The future of multicultural teaching looks bright thanks to the Kuulumisia project

A new study reveals the effectiveness of teacher qualification training for people with immigrant backgrounds

Teacher trainees on the Kuulumisia project participate in a music class. Photo: Jonne Renvall

Teacher trainees on the Kuulumisia project participate in a music class. Photo: Jonne Renvall

Jaakko Vuorio regards the Kuulumisia project as a valuable asset for both the trainees and Finnish schools. Photo: Jonne Renvall

Jaakko Vuorio regards the Kuulumisia project as a valuable asset for both the trainees and Finnish schools. Photo: Jonne Renvall

Kuulumisia training for qualified and trainee teachers with immigrant backgrounds benefits its participants in an ideal way: it improves their employment opportunities.

Kuulumisia training is a special programme for teachers and would-be teachers with immigrant backgrounds. Conducted in Finnish, the training provides its participants with formal qualifications to work as teachers or in other similar jobs in Finland. Kuulumisia training is funded by the Ministry of Education and Culture, and the aim is to respond to changes in Finnish society. The graduates of the programme are competent international teachers who bring their multicultural skills to Finnish schools, promoting modern teaching methods and equality in their teaching.

“Kuulumisia training has considerable advantages. Those who have completed it have managed to get their part-time or fixed-term contracts changed to permanent ones.
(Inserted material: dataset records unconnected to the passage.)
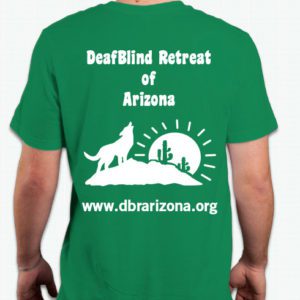 The background is Solid Green Leaf with a white silhouette of the logo. In the background, the sun is seen at the horizon with rays. In front of the sun, is a large rock the has two cacti on the right and a coyote on the left howling towards the sky. DeafBlind of Retreat is spelled out at the top of the logo. www.dbrarizona.org is spelled out at the bottom of the logo.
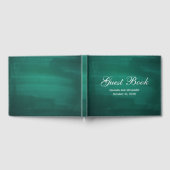 Donkergroene moderne bruiloft. Eenvoudige elegante Gastenboek (Volledig)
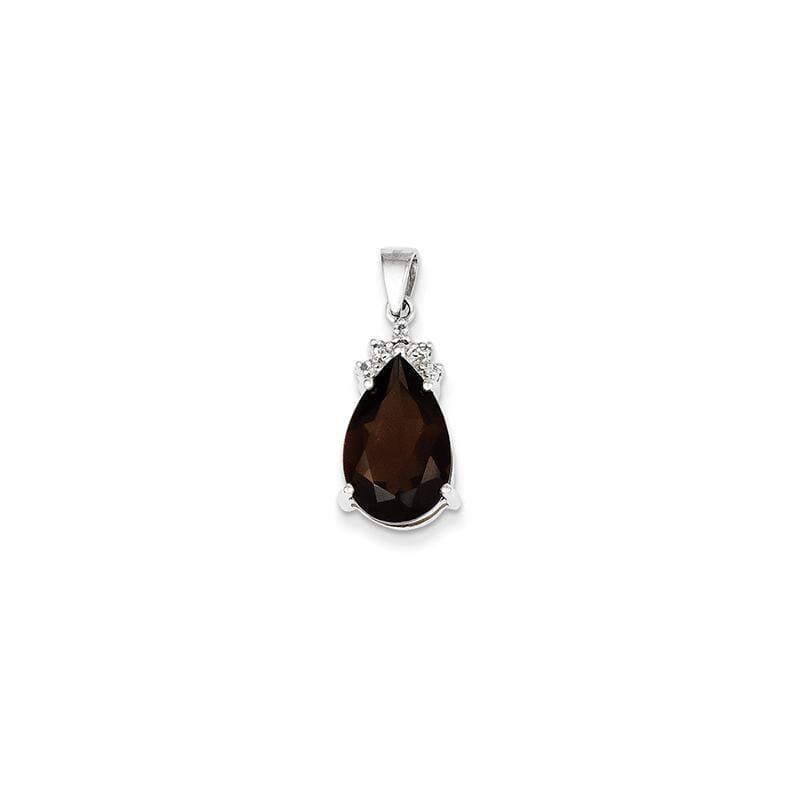 14k White Gold Smoky Quartz & Diamond Pendant - Seattle Gold Grillz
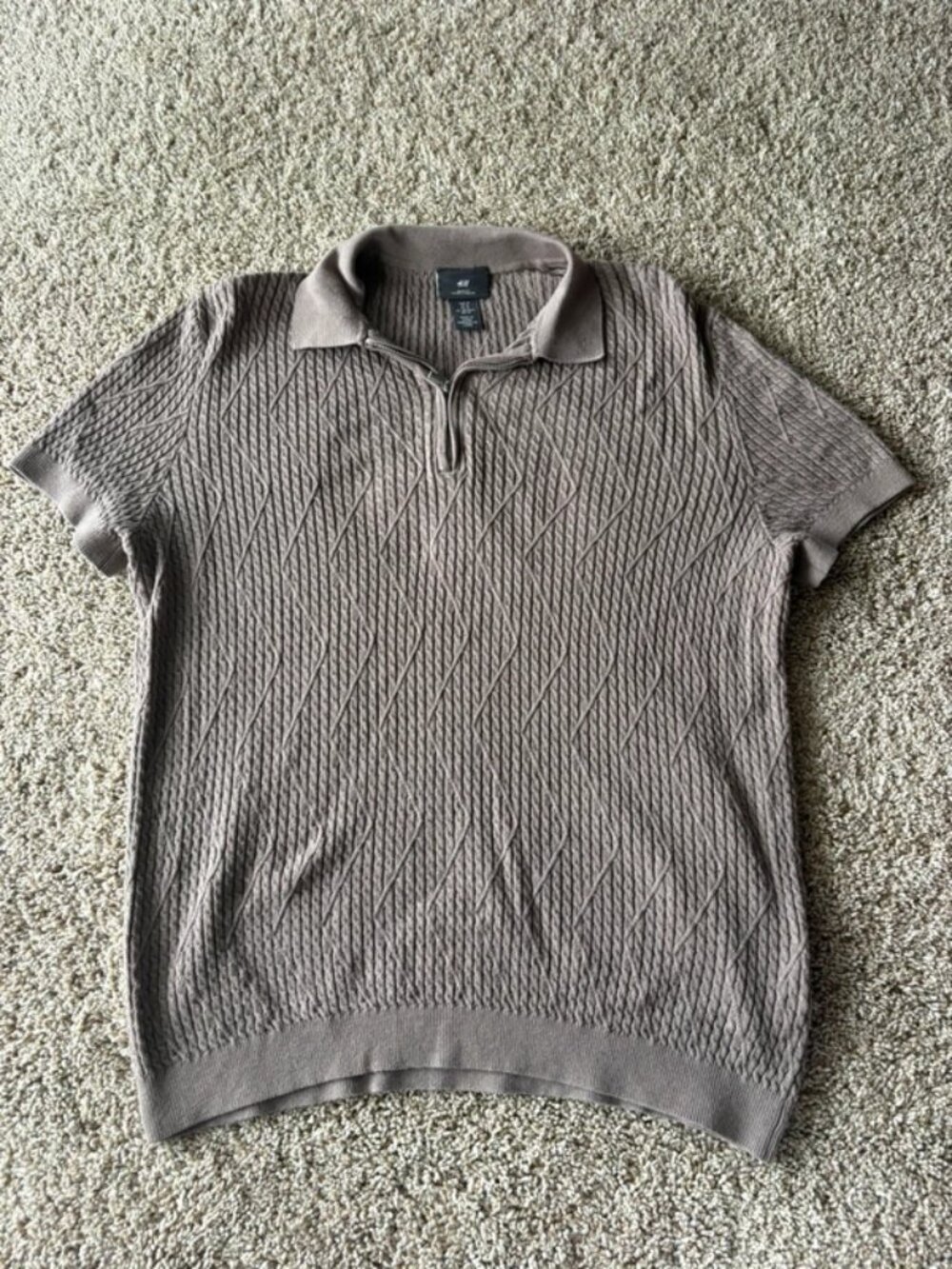 Quarter zip up knitted shirt
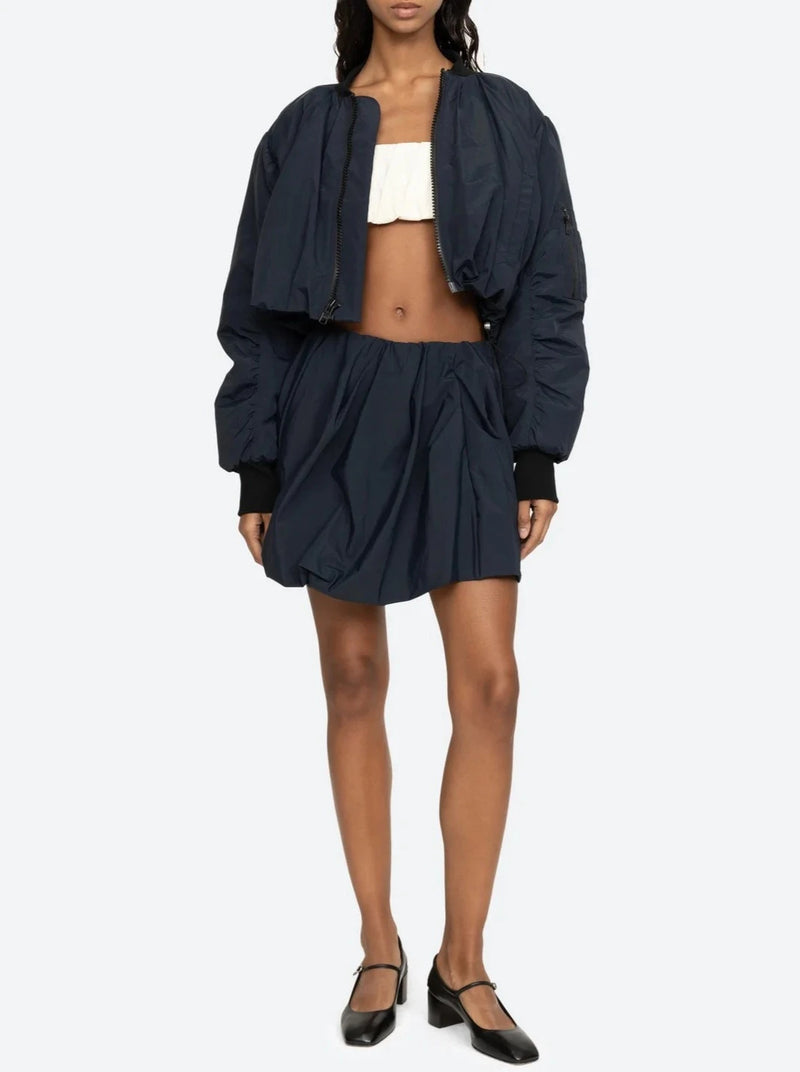 Evelyn Windbreaker Bomber Jacket - Navy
Moreover, the number of teachers who had previously been unemployed was halved after the training”, research assistant Jaakko Vuorio reports.

Furthermore, many such qualified teachers from immigrant backgrounds who previously worked in areas other than teaching or education have now found work that matches their qualifications. The training has also provided them with the knowledge and skills to work as teachers in Finnish schools.

An investigation into the effectiveness of the training

Vuorio’s recent Master’s thesis examines the effectiveness of Kuulumisia training, as well as the multicultural horizon of teacher training on a more general level.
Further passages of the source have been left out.